Webb Telescope: NASA Gets Funding for Telescope in New Spending Bill

The Webb Telescope, being built by NASA, has been allocated $8 billion in the fiscal 2014 spending bill that was unveiled on Monday and expected to pass Congress later this week.

The $1.012 bill includes $17.65 billion for NASA, reported USA Today.

That includes $3.1 billion for the Mars mission and $5.2 billion for science missions, including $80 million for a mission to explore Europa, one of Jupiter’s moons.

It caps the money for the James Webb Space Telescope, the successor to the Hubble Telescope, at $8 billion.
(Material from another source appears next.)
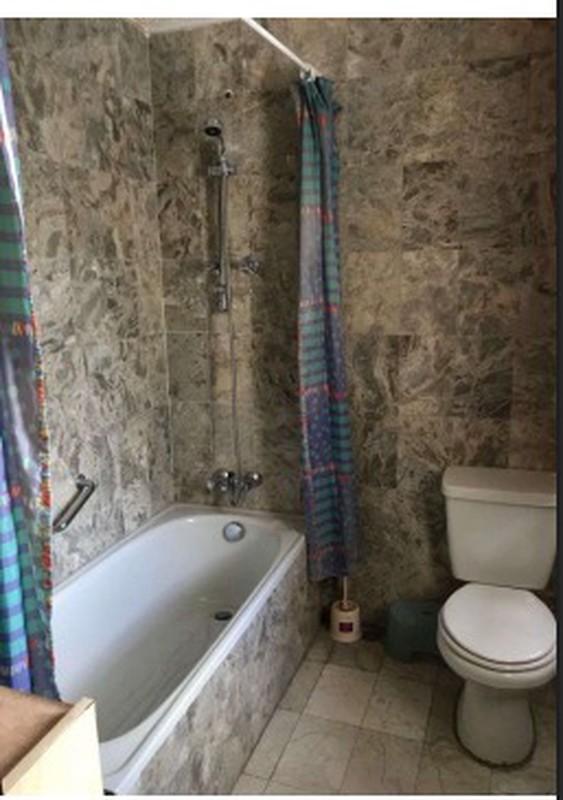 JUAL CEPAT RUMAH KERTAJAYA INDAH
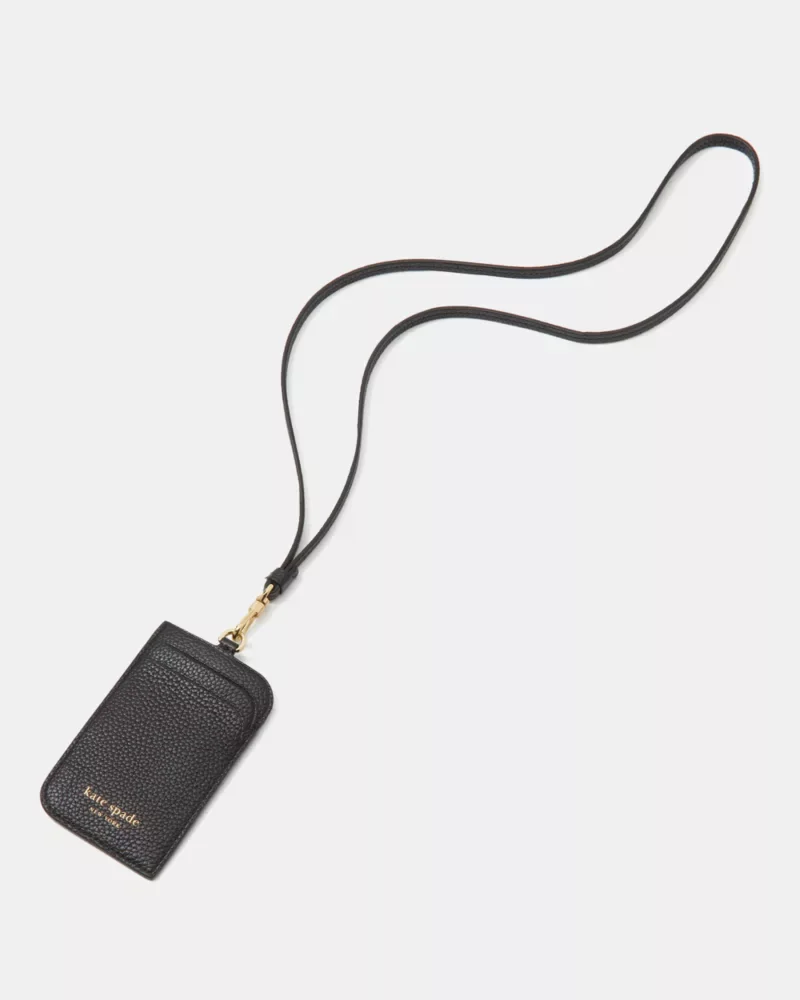 Ava Lanyard - 1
The construction of Webb has been beset by cost and schedule overruns, but is generally in line with the revised cost and schedule outlined in September 2011. 

“This appropriations bill reaffirms support for the bipartisan space exploration plan agreed to by the president and Congress,” NASA spokesman David Weaver said Wednesday. “The bill keeps NASA’s deep-space exploration program on track and will continue to spur American innovation and keep the U.S. the world leader in space exploration.”

The telescope–which will be stationed one million miles from Earth for five to 10 years–is slated for launch in 2018. It will be the most powerful space telescope ever built, “able to detect the light from the first galaxies ever formed and explore planets around distant stars,” according to NASA’s Goddard Space Flight Center.

“It will study every phase of our universe’s history, ranging from the first luminous glows after the Big Bang, to the formation of stellar systems capable of supporting life on planets like Earth, to the evolution of our own solar system,” it added. Mission goals include determing how galaxies evolved from their formation until now and investigating planetary systems for possible life.